For now, we try nested recursive concurrency. Let's add:

# server.py

...


async def afibo(n):
    if n < 2:
        return 1
    else:
        fib1 = await afibo(n - 1)
        fib2 = await afibo(n - 2)
        return fib1 + fib2


@app.get("/asyncfib/{n}")
async def asyncfib(n: int):
    res = await afibo(n)
    return {"fib": res}

Let's also add a timing middleware to our FastAPI app:

# server.py
...
from fastapi import FastAPI, Request

@app.middleware("http")
async def add_process_time_header(request: Request, call_next):
    start_time = time.time()
    response = await call_next(request)
    process_time = time.time() - start_time
    response.headers["X-Process-Time"] = str(process_time)
    return response

Now let's test the speed:

curl -D - http://127.0.0.1:8000/fib/30

HTTP/1.1 200 OK
server: uvicorn
content-length: 15
content-type: application/json
x-process-time: 0.17467308044433594

{"fib":1346269}

And with async:

curl -D - http://127.0.0.1:8000/asyncfib/30

HTTP/1.1 200 OK
server: uvicorn
content-length: 15
content-type: application/json
x-process-time: 0.46001315116882324

{"fib":1346269}

It's not that bad for $2^{30}$ overhead. But we see here a limitation of threads in Python: the same code in Julia would lead to a speed-up (using parallelism)!

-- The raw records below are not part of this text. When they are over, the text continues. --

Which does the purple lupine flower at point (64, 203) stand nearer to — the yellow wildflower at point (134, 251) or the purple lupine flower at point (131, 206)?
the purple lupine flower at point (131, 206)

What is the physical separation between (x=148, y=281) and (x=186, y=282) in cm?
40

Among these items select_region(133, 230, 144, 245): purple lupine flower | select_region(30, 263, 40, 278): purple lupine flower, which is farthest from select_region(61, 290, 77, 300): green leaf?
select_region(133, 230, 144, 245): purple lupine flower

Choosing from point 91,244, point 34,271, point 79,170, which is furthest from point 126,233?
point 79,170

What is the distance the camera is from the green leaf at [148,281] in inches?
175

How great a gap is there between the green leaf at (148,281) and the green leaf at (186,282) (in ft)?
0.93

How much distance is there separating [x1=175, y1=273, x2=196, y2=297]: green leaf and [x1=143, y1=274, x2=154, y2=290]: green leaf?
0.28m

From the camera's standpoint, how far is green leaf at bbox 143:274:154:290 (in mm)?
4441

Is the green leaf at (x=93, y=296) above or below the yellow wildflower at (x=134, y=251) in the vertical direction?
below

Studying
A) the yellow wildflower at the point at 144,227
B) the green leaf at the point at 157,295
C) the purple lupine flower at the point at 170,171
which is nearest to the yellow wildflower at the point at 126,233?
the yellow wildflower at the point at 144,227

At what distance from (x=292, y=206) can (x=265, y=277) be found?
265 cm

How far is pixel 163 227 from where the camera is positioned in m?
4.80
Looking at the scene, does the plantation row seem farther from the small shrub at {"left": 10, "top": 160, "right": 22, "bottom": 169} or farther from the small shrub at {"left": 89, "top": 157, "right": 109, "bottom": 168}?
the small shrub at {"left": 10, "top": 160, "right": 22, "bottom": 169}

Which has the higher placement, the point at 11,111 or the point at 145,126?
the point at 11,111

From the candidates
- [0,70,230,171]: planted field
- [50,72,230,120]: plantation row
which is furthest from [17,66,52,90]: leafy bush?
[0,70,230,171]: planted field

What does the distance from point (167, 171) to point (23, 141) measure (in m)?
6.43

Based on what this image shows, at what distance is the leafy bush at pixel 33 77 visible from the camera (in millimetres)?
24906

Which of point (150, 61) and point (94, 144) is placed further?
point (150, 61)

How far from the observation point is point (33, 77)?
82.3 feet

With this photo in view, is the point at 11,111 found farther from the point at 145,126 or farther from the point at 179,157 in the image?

Gunicorn and multiprocessing

So far we've used FastAPI with Uvicorn. The latter can be run with Gunicorn. Gunicorn forks a base process into n worker processes, and each worker is managed by Uvicorn (with the asynchronous uvloop). Which means:

Each worker is concurrent
The worker pool implements parallelism

This way, we can have the best of both worlds: concurrency (multithreading) and parallelism (multiprocessing).

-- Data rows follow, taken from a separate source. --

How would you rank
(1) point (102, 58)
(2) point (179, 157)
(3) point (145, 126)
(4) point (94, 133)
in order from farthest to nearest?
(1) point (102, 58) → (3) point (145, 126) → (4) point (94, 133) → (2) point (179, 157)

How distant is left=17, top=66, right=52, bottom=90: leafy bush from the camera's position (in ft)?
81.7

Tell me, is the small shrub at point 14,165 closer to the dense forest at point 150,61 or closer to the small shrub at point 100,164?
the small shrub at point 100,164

Let's try this with the last setup, when we ran the benchmark while asking for the 42th Fibonacci number:

pip install gunicorn

gunicorn server:app -w 2 -k uvicorn.workers.UvicornWorker --reload

we get the following results:

19.02 reqs / sec | 100 reqs | http://127.0.0.1:8000/wait | sync_get_all
216.84 reqs / sec | 100 reqs | http://127.0.0.1:8000/wait | thread_pool
223.52 reqs / sec | 100 reqs | http://127.0.0.1:8000/wait | async_main
18.80 reqs / sec | 100 reqs | http://127.0.0.1:8000/asyncwait | sync_get_all
400.12 reqs / sec | 100 reqs | http://127.0.0.1:8000/asyncwait | thread_pool
208.68 reqs / sec | 100 reqs | http://127.0.0.1:8000/asyncwait | async_main
241.06 reqs / sec | 1000 reqs | http://127.0.0.1:8000/wait | thread_pool
311.40 reqs / sec | 1000 reqs | http://127.0.0.1:8000/wait | async_main
433.80 reqs / sec | 1000 reqs | http://127.0.0.1:8000/asyncwait | thread_pool
1275.48 reqs / sec | 1000 reqs | http://127.0.0.1:8000/asyncwait | async_main

Which is on par (if not a bit better!) than with a single Uvicorn process

The final files (client and server) are available as a github gist

Further resources

I wholeheartedly recomment this amazing live-coding session by David Beazley. Maybe you can google websockets first, just to get that they open a bi-directional channel between client and server.

You can also read this detailed answer from stackoverflow to grasp differences between concurrency and parallelism in python.